I would argue that the tendency to de-couple technologies and applications from
theory in GIScience has not served us well. Research which takes a closer look at
the ways in which science, technology, and applications-driven research interact in
the actual practice of GIScience, as has been done in many other sciences (Pickering
1995 ; Kuhn 1996 ) is long overdue.
We also need to examine past and potential future linkages and synergies among
public, private, and university real-time space time integration research. One can
argue that research and innovation in the private sector in this area is as advanced
as in the university, and has at times, especially earlier, outstripped research in
GIScience in the universities. After all, the term GIScience was not coined until
1992 (Goodchild 1992 , 2010 ), and a major focus of its early practice was to
describe and attempt to understand what had already happened in the development
of core GIS and geospatial technology functionality, and to begin to assemble it
as a science. This is and has been a worthwhile and necessary undertaking, and
those who engaged in this debate early on are to be commended. But it does raise
the question of how all of this early development actually happened, prior to a
formal GIScience that now aspires to guide it, and further, what drives what: the
GIScience or the GITechnology? How did the unnamed science work then, and how
does GIScience work now? What is its dynamic? What flows from what? Or is
the reciprocal interaction between the technology and the science actually the real
dynamic?
It is perhaps also time to examine current interactions and boundaries between
GIScience and geography in more detail. In what ways are these boundaries fixed
and rigid, or permeable and mobile? What does the intellectual trade across these
boundaries look like? Is the flow balanced or dependent, and in which direction?
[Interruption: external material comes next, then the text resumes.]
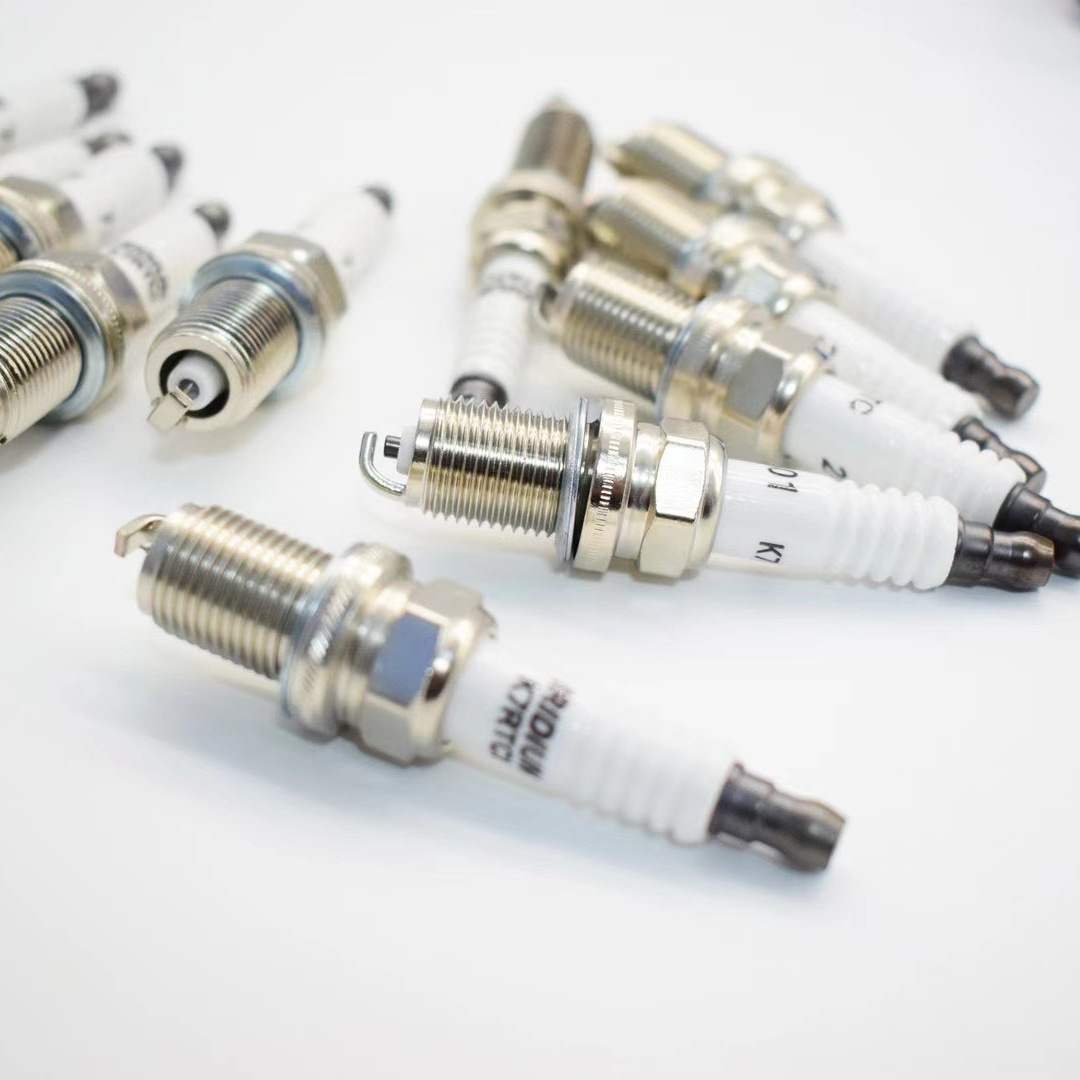 Cross-Border Supply of 3194 Br9Es Spark Plugs Suitable for Mitsubishi and Toyota Cars, Direct Supply from the Spark Plug Manufacturer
Are the two fields diverging or converging?
Further, how does conceptual thinking as part of the iterative processes of
overcoming research obstacles generate innovation in GIScience? What social
structures of GIScience will best enable the next conceptual breakthroughs and the
new methods, and what social values will shape the future of our coupled scientific
and technological research program? And how do curiosity-driven research and
applications-aware research actually differ in practice and intersect as drivers of
GIScience, and how mutually exclusive are these categories? Current work in the
philosophy and history of science has much to offer our examination of these
questions. I suggest as a starting point the work of Andrew Pickering (e.g., 1995
The Mangle of Practice) , Helen Longino (e.g., 2002 The Fate of Knowledge ), and
Peter Galison (e.g., 2003 Einstein's Clocks, Poincaré's Maps ).
In closing, I would like to thank all of my colleagues within the geography
and GIScience communities who have contributed so constructively and critically
to research at the intersection of these fields, and in advance for our continued
discussions on these and related ideas in the future.